The Iraqi journalist who blogs at Baghdad Treasure has not supported the Americans' role in Iraq or the new government. But the death of Zarqawi changed how he felt about his country and the Americans.
We held our breath for a second and then a loud “Mabrook” [Congratulations] was said by one of the radio stations reporters. Few minutes later, journalists started congratulating each other. Some danced in the hall, female journalists halulated, and others rushed to call their offices of the braking news. The news of his death made up our day.

I called the office immediately to confirm to them the rumor that was spread. After I hang up, a flashback of images of people died in the terrorists attacks came to my mind. Um Bashar, whom we all miss, was among the pictures. She was all dressed in white smiling as if she was telling me. “I can rest now, B. tell Bashar that I am comfortable now.” Then she disappeared but the other images did not.

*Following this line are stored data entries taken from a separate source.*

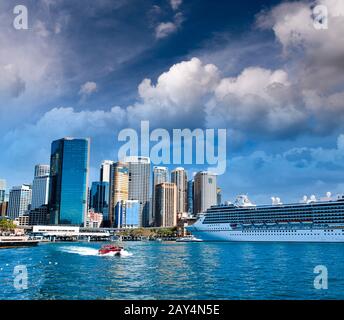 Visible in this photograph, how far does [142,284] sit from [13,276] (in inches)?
513

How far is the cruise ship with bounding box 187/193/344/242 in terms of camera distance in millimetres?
101188

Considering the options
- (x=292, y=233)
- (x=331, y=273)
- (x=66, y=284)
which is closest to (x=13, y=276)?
(x=66, y=284)

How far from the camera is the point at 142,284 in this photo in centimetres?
3080

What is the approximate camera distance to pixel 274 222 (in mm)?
108625

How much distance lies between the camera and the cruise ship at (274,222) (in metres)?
101

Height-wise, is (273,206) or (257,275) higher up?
(273,206)

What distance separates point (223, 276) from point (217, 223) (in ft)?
283
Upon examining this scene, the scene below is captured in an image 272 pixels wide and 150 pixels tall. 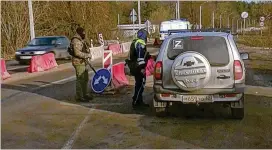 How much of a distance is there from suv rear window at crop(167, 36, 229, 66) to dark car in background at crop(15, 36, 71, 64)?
1550 centimetres

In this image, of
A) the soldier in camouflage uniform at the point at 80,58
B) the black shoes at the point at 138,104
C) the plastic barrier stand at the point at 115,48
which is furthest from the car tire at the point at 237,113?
the plastic barrier stand at the point at 115,48

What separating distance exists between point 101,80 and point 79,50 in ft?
4.64

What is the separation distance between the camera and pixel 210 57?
716 centimetres

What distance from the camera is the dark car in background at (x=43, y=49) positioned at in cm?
2211

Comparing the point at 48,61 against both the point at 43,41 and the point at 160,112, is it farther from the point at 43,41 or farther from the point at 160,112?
the point at 160,112

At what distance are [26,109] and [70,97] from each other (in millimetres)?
1754

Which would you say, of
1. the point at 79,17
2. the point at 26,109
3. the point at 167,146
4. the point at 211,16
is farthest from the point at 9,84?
the point at 211,16

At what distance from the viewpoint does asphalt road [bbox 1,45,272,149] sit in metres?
6.08

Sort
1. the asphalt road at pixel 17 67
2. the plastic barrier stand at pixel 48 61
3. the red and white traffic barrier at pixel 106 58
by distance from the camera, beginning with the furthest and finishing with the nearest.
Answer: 1. the asphalt road at pixel 17 67
2. the plastic barrier stand at pixel 48 61
3. the red and white traffic barrier at pixel 106 58


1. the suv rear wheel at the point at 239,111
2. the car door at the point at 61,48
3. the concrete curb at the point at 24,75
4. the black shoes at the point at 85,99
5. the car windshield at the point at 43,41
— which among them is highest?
the car windshield at the point at 43,41

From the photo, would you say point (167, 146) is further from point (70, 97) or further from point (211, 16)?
point (211, 16)

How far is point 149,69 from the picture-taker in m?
14.8

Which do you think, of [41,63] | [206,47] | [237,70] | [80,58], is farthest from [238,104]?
[41,63]

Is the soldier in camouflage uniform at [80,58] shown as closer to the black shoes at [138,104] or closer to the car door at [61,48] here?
the black shoes at [138,104] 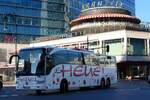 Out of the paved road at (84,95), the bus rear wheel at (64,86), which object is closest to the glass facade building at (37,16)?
the bus rear wheel at (64,86)

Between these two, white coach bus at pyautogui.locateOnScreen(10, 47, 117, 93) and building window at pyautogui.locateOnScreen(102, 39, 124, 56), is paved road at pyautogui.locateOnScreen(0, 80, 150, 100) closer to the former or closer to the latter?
white coach bus at pyautogui.locateOnScreen(10, 47, 117, 93)

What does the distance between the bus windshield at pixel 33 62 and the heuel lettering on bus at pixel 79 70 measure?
8.09ft

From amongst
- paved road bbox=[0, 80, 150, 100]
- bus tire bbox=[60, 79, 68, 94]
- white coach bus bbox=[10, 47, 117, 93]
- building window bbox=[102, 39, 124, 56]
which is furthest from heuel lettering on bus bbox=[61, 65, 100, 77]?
building window bbox=[102, 39, 124, 56]

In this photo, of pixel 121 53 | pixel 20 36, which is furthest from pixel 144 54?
pixel 20 36

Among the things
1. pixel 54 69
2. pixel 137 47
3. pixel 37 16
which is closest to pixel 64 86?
pixel 54 69

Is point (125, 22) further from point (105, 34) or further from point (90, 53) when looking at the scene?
point (90, 53)

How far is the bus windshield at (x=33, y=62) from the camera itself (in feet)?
96.6

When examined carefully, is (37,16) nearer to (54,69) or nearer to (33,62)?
(54,69)

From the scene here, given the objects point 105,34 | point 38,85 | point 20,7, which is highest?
point 20,7

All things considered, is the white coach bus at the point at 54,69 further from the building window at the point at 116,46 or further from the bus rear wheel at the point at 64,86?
the building window at the point at 116,46

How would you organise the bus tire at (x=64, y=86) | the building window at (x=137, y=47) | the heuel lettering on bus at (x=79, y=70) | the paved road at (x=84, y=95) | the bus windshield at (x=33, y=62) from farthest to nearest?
the building window at (x=137, y=47), the heuel lettering on bus at (x=79, y=70), the bus tire at (x=64, y=86), the bus windshield at (x=33, y=62), the paved road at (x=84, y=95)

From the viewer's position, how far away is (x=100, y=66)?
125 ft

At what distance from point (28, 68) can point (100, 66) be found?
1004 cm

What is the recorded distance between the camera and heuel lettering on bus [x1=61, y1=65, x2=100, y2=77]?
32125mm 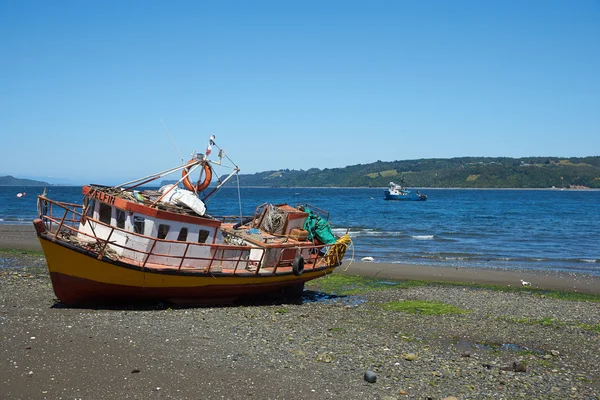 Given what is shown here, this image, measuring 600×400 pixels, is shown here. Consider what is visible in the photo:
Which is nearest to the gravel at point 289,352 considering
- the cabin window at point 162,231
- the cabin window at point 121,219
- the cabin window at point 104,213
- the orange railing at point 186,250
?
the orange railing at point 186,250

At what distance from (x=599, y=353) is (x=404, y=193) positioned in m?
122

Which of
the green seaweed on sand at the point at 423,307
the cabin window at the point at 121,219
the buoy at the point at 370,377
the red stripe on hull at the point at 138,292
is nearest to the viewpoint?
the buoy at the point at 370,377

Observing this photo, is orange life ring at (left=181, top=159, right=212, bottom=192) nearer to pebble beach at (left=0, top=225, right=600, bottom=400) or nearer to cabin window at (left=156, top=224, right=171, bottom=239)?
cabin window at (left=156, top=224, right=171, bottom=239)

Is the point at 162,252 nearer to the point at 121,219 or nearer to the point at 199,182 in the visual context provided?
the point at 121,219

I remembered my mother’s cries and voice when I called her after a car bomb exploded in front of the school where she used to teach. I recalled the TV images of the burnt children and their parents in the middle of a huge flame.

The image of the collapsed apartment building and the pile of bodies I saw in a restaurant bombed by Zarqawi’s car bombs came among the other images that will never leave me rest even if I die.

Finally, he is dead. I couldn’t believe one day this pig will be killed. Finally, the brutal Zarqawi, whose bloody campaign of beheadings and suicide bombings made him the worst terrorist in the world, was killed. Finally the thousands of families and victims he killed will rest in peace.

I have to say that I haven’t been happy like this for a long time. When I met my other colleagues back in the office, I waved the victory sign, which I also haven’t done since a long time ago.

I know that attacks will increase. I know more people are going to die. I know mistakes are going to be continued. I know everything will not be fixed soon like in the fairy tales. But I am happy that this man is killed. I believe his death is the real first step: the thousand-miles road starts with one step.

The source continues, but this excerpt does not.